Radicalisation de l’islam ou islamisation de la radicalité ? Confronté, sur le terrain de la lecture académique des manifestations de violence terroriste dites “djihadistes”, à ce dualisme français extrêmement réducteur que dénonce Mohamed Ould Mohamedou, et d’autres avec lui, j’ai éprouvé moi aussi le besoin de le dépasser. La proposition méthodologique médiane que je cherche à développer entend se distancier des limites de ces deux approches médiatiquement dominantes de la “jihadologie” française, portée ou promue l’une par Gilles Kepel et l’autre par Olivier Roy[4].

Le point commun de ces deux approches est non point d’insister sur les processus individuels qui déterminent l’engagement djihadiste mais, à bien des égards, de s’y borner. Et de limiter, voire de nier la part essentielle des interactions entre ces processus individuels et les dynamiques sociales et politiques du milieu où ils prennent place.

Pour Gilles Kepel, l’inscription des individus dans les réseaux transnationaux du salafisme-jihadisme constitue une matrice explicative quasi autonome du phénomène : hommes et idées circuleraient dans cet univers d’action et de pensée, en vase clos, sans interaction décisive avec les dynamiques sociales et politiques en cours dans les sociétés qu’ils côtoient ou dont ils sont issus. Olivier Roy se focalise pour sa part sur les déterminations psycho-sociales de l’engagement djihadiste.

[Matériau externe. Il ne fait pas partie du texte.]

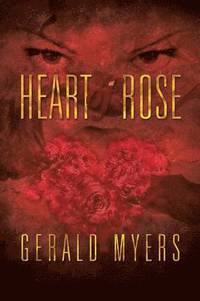 bokomslag Heart of Rose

Il fait du contenu politique de cet engagement un pur accessoire sur un marché de la radicalité, nécessairement « nihiliste » et pathologique, où les idéologies seraient parfaitement interchangeables. Kepel et Roy s’opposent ainsi très clairement sur l’importance à accorder à la variable religieuse, dont Roy refuse la centralité énoncée par Kepel. Mais ils se rejoignent sur un point, ou - à mes yeux - sur une erreur, absolument fondamental€ : ils isolent largement le phénomène djihadiste des processus socio-politiques qui lui donnent naissance. En forçant quelque peu le trait, leurs approches [5] ont ainsi un même travers qui m’incite à les réunir, malgré leurs divergences, dans une identique condamnation : elles minimisent, euphémisent voire ignorent l’impact de la persistance des vieux rapports de domination Nord-Sud sur le comportement des acteurs concernés.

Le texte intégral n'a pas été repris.